Nouvelles écritures, chacun cherche son style

Temps de lecture : 8 min

Journalisme romancé ou fiction du réel ? Quand les nouvelles narrations s’invitent dans les médias, naissent des formats hybrides plébiscités par les lecteurs… et les journalistes. Balade exploratoire sur les terres fertiles du récit.

Les toilettes, un lieu banal en proie à des enjeux économiques, sociaux et technologiques. C’est sur cette thématique singulière que le pure player suisse Heidi News se lancera, début 2019. Fondé par Serge Michel, ancien prix Albert-Londres, le média veut mettre le récit au centre de son projet, avec une place particulière pour le podcast et la vidéo. Une nouvelle goutte d’eau dans l’océan du web.

Scrolle-moi si tu peux ! 

L’explosion d’Internet a laissé aux médias un immense terreau de narrations possibles. Les journalistes, modestes aventuriers du 2.0, défrichent le terrain, expérience après expérience.

Un webdocumentaire en plongée dans une ville-prison américaine, un podcast d’investigation raconté comme un polar de Mankell, un documentaire interactif sur un pirate des mers somalien. Dans la sphère poreuse du narrative journalism, Prison Valley, Serial et Last Hijack sont des références.

Capture d’écran du documentaire interactif Last Hijack.

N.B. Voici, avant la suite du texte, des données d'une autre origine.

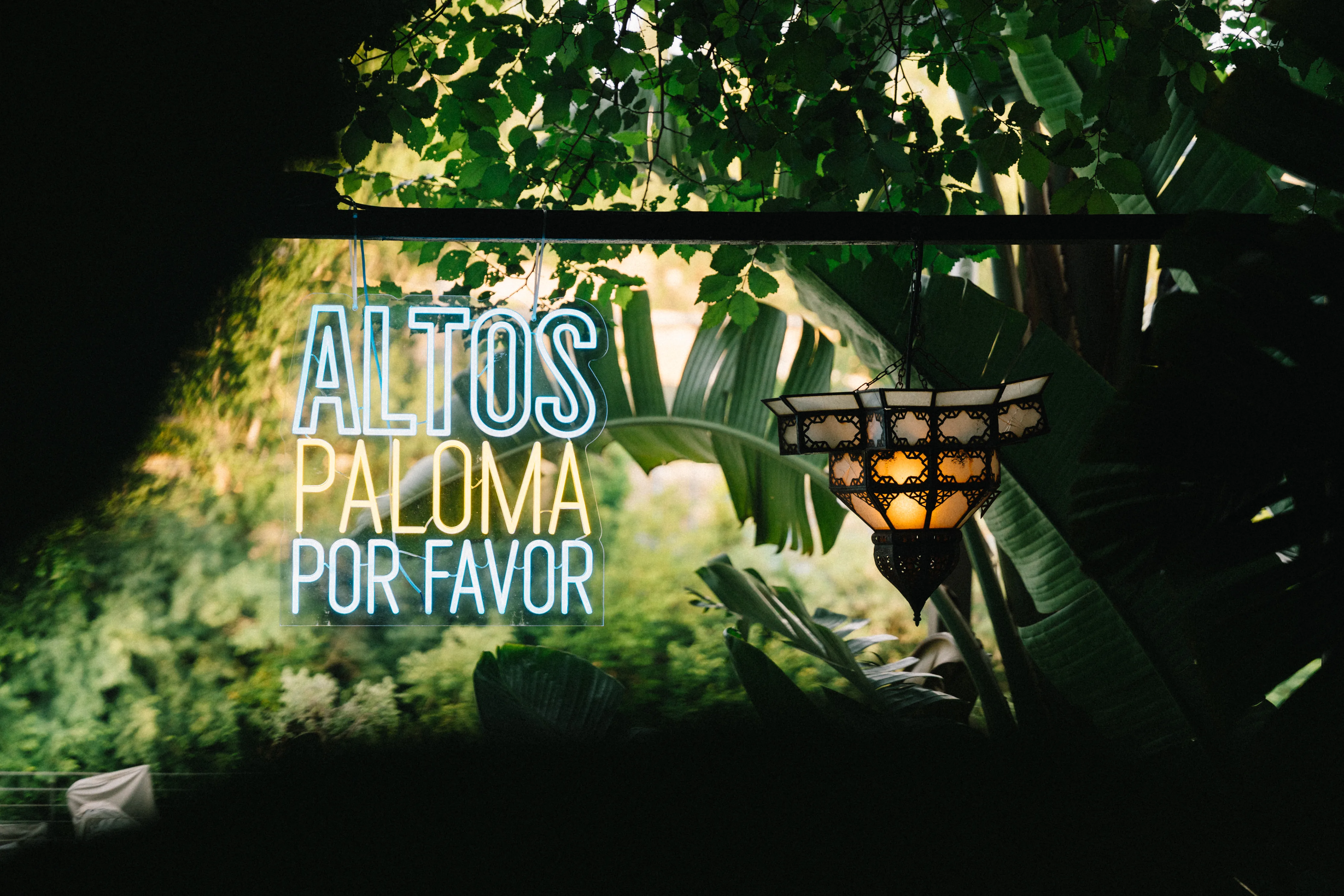 Altos Paloma Mi Amor — photo 8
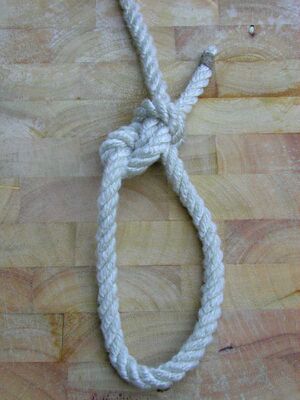 Palstek yosemite 5.JPG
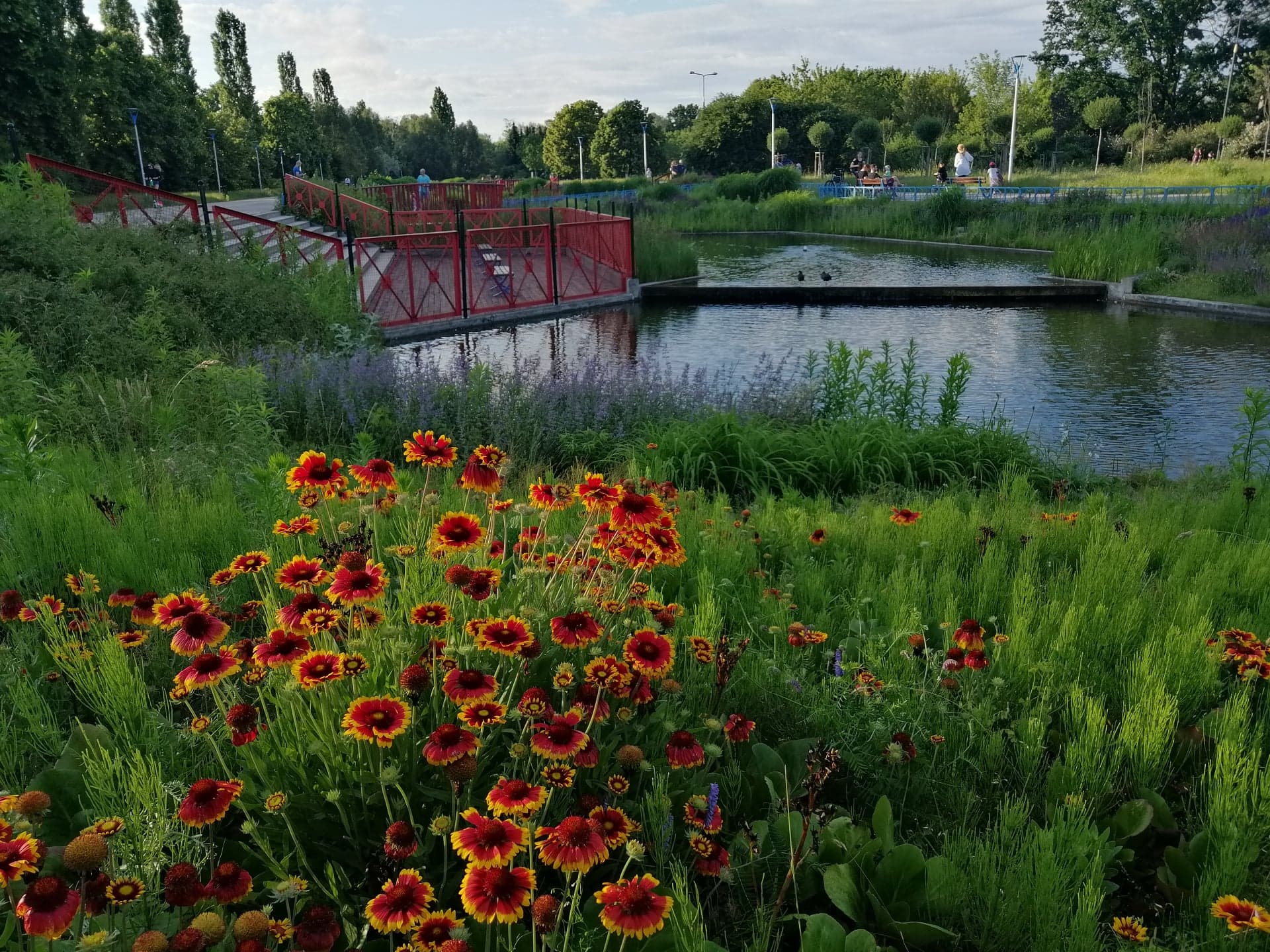 Park Szymaskiego1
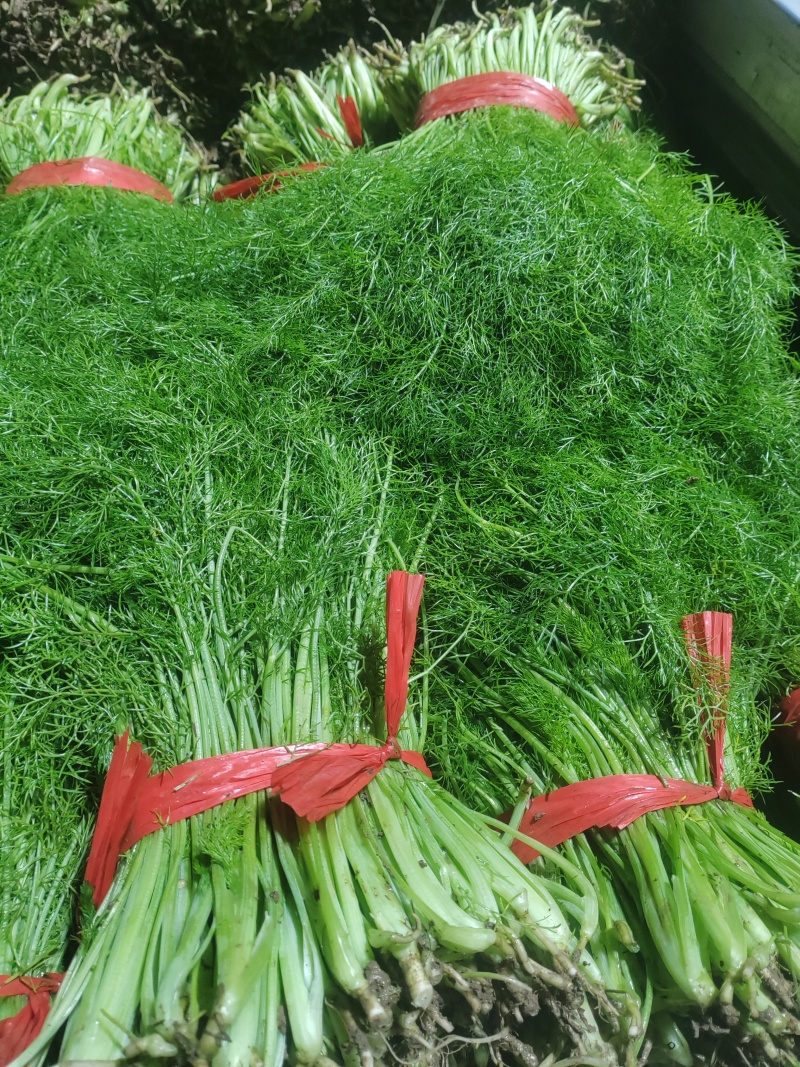 精品茴香市场货食堂货电商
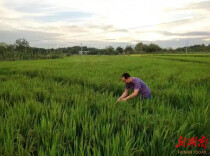 质量筑基，生态惠农：永州聚丰农业的品质坚守与现代化之路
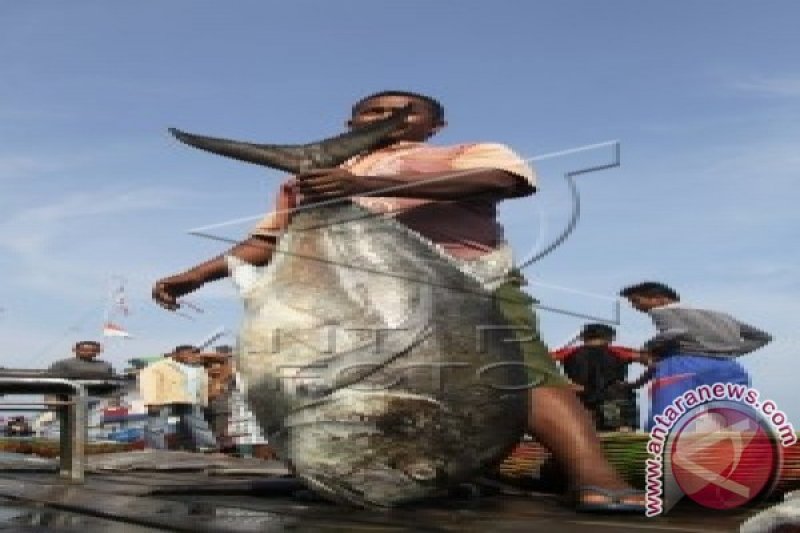 HARGA IKAN ANJLOK PRODUKSI MELIMPAH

Si les productions indépendantes se multiplient, les grands médias semblent eux aussi prendre goût à l’exploration des écritures digitales. Chez nos voisins suisses, Le Temps propose depuis plusieurs années des BD-reportages à scroller en ligne. « Les couloirs de la mort » en font partie.  Côté français, le quotidien sportif L’Equipe choisit de célébrer les 20 ans de la victoire des Bleus avec un récit de la Coupe du monde 1998 sur leur plateforme multimédia, L’Equipe Explore. Même France Télévisions, via la plateforme IRL, laboratoire des nouvelles écritures, propose depuis 2015 des contenus exclusivement web. En septembre 2018, l’univers queer et féministe du roller derby est ainsi mis à l’honneur par une websérie au format vertical.

Docu-fiction, journalisme narratif, webdocumentaire interactif, enquête audio, bd-reportage, non-creative fiction, littérature du réel, fiction documentée… Il est bien difficile de distinguer tous ces genres. Benjamin Hoguet, auteur spécialisé sur les nouvelles narrations, a arrêté de les classer. « Les nouvelles écritures recoupent des dizaines et des dizaines de formats différents », explique celui qui est aussi concepteur d’œuvres interactives et transmédia. « Ce qui est sûr, c’est qu’on n’a pas attendu le numérique pour croiser les genres. Mais Internet a considérablement augmenté notre capacité à le faire. »

C’est ce même Internet qui a ouvert le champ des possibles à Nicolas Blies et Stéphane Hueber-Blies. Ils sont, depuis 2013, aux manettes d’a_BAHN, une société de production spécialisée dans les nouvelles écritures et le transmédia.

Lors d’un voyage au Rwanda, ils font la connaissance d’une femme victime de violences sexuelles. Marqués par cette rencontre, les deux réalisateurs lancent Zero Impunity, un projet transmédia sur les victimes de violences sexuelles dans le monde. Enquêtes, pétitions, site web et film, l’ensemble du projet est guidé par deux principes : investigation et activisme.

Ils contactent un collectif de pigistes, Youpress, qui réalisent six enquêtes. À partir des entretiens des journalistes, ils racontent l’histoire de victimes de violences sexuelles. Des choix différents de ceux des journalistes. Le film s’attarde sur des tranches de vie d’individus peu évoqués dans les enquêtes.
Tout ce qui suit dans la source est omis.